▶ The task: Please repeat the lines below, exactly and only, from the one that holds "2026 BMW X3 30 XDRIVE's photo" through the one that holds "Camon Ae580 Sticks Di Anantra Con Riso 80 Gr".

▶ Extracted entries:
----

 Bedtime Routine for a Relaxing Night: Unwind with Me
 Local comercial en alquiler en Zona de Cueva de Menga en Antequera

----

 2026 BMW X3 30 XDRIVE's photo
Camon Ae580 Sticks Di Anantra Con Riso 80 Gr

----

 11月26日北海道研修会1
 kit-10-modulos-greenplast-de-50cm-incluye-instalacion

----

▶ Exercise result:
 2026 BMW X3 30 XDRIVE's photo
Camon Ae580 Sticks Di Anantra Con Riso 80 Gr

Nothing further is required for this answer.